Nonhomologous end joining mechanisms conservation and relationship to illegitimate recomb

Nonhomologous end-joining: mechanisms, conservation and relationship to illegitimate recombination Thomas E. Wilson. in addition to mediating DNA end synapsis to prevent illegitimate mechanisms that govern whether a DSB is repaired by NHEJ or HR remain Key words: Dictyostelium, Double-strand break repair, Non-homologous end-joining, Homologous recombination stability and the relationship between these two pathways at. The synapsis factors of the S. cerevisiae non-homologous end-joining .. in protection of DNA ends from nucleolytic processing was proposed [80]. . mechanisms of NHEJ producing either insertions or deletions and that these RAD52, and related genes on illegitimate recombination in Saccharomyces cerevisiae.

HR in fact refers to several different processes, including gene conversion and alternative pathways called break-induced replication BIR and single strand annealing SSA.

A key-protein in HR is Rad52, which forms a heptameric ring in vitro 3that interacts with single stranded DNA and facilitates the strand invasion reaction 45. Rad52 is thought to act early during HR and strains lacking Rad52 are completely deficient for all types of HR in Saccharomyces cerevisiae.

Alternative end-joining mechanisms: a historical perspective

Another important protein is Rad51 similar to bacterial RecAwhich facilitates the strand exchange reaction between the damaged substrate and the undamaged template molecule 6. In contrast, the NHEJ pathway requires little or no homology and simply fuses two free DNA-ends, often generating small deletions and insertions. The heterodimer binds to the DSB protecting the free ends from extensive degradation and holds the DNA ends in an appropriate configuration for subsequent end-processing and ligation 8.

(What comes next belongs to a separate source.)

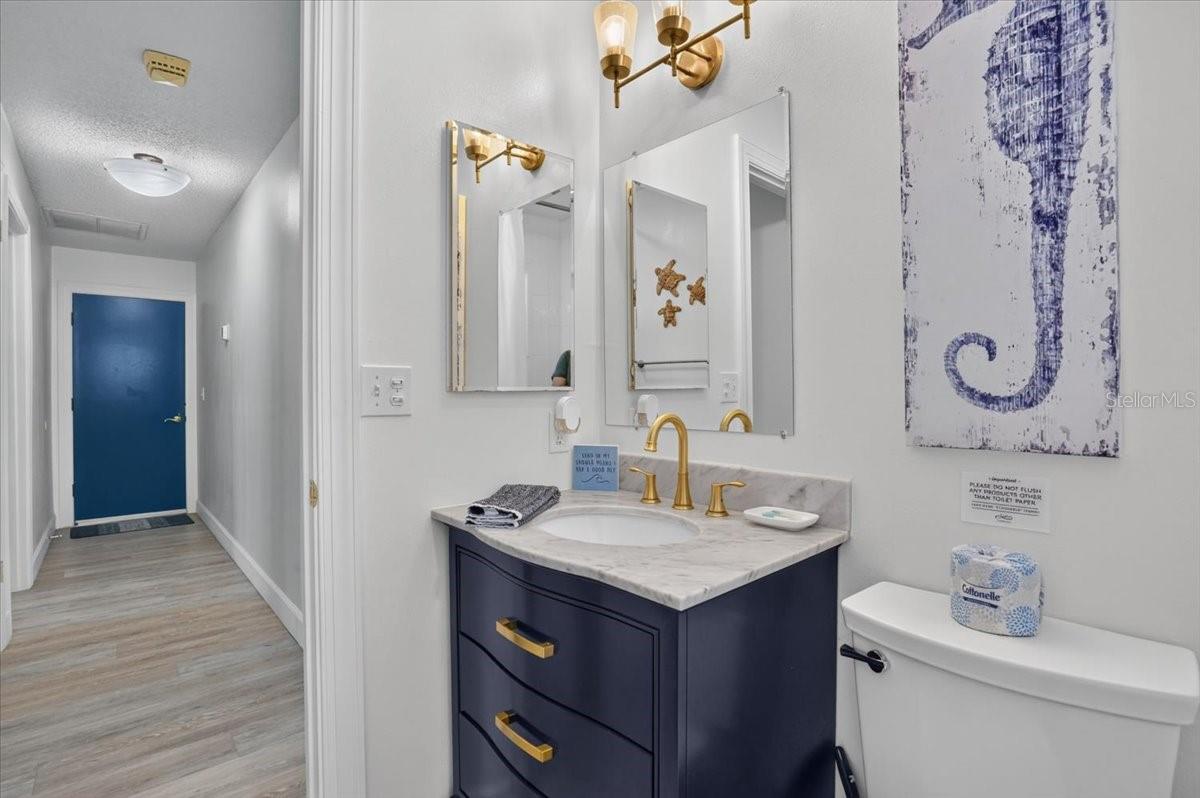 5016 MANGROVE POINT RD — photo 28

This complex consists of a DNA ligase, Dnl4 or Lig4 10 — 12 and Lif1 Ligase four interacting factor 1 13the latter being the yeast functional homologue of mammalian Xrcc4. Lif1 is required for the stability and full activity of Dnl4 Diploid cells can rely on the HR pathway to repair DSBs even in the G1 phase of the cell cycle, since these cells contain a homologous chromosome.

Despite the high degree of molecular conservation in NHEJ mechanisms between yeast and mammalian cells, there are some striking differences regarding the in vivo function.

Thus, inactivation of the NHEJ pathway would lead to an increase of homologous integration events upon introduction of a gene targeting cassette. This hypothesis was tested in mouse ES-cells, but NHEJ mutant cells did not have a more favorable gene targeting frequency Hence, IR between two genomic loci results in deletions, duplications, insertions or translocations.

In addition, overexpression of Top1 leads to increased IR, demonstrating that the nicking activity of Top1 promotes IR Similarly to mammalian cells, milk yeast NHEJ was capable of repairing blunt and noncohesive ends efficiently. Integration of a nonhomologous DNA molecule into the genome was fold more frequent than in S.

Alternative end-joining mechanisms: a historical perspective

We present evidence supporting a model in which IR takes place at spontaneous mitotic DSB and that these breaks occurred more frequently within promoter regions and rDNA. Obviously, the predominating DSB repair pathway in K. Our aim was to answer the question of whether P.

Using the sequence of the PsKU80 gene that we found in the P. The following yeast strains were used: The latter strain was constructed by integration of a reporter cassette next to the original ADH1 locus of the strain PJH The strain was used for the isolation of regulatory mutants in which the expression of ADH1 was prevented. In this study, we used the nomenclature proposed by Jeffrieswhere the major ADH-gene responsible for ethanol formation and consumption is designated as ADH1.

AJ ], a 2. AFAmpR and a bacterial origin of replication Hagedorn et al. It was constructed as follows: Minimal medium MM containing 1. Genomic yeast DNA was extracted as described by Johnston In case of cotransformation, restriction enzymes were added to the DNA directly before transformation. Yeast transformations were performed using the freezing method Dohmen et al. To obtain optimum competence, cells were frozen for only 1 h. Of each transformant clone, descendants ranging between and were tested.

After this restriction, a 1. The purified PCR product was used for transformation of P. Thus, the primers would produce 3. Results Untargeted integration mutagenesis Transformation efficiency using different vector types, stability of transformants Transformations of the recipient strain P. As documented by the high SD, the reproducibility of the single transformation experiments was low.

The highest yield was obtained with cells that had been deep frozen for only 1 h. The yield of transformants per number of cells increased with an increasing amount of vector DNA Fig. However, this effect was not very strong and never exceeded a twofold enhancement when compared with the efficiency without restriction enzyme.

Varying the amounts of EcoRI between 1 and 30 U per transformation had no additional enhancing effect on the transformation efficiency 2.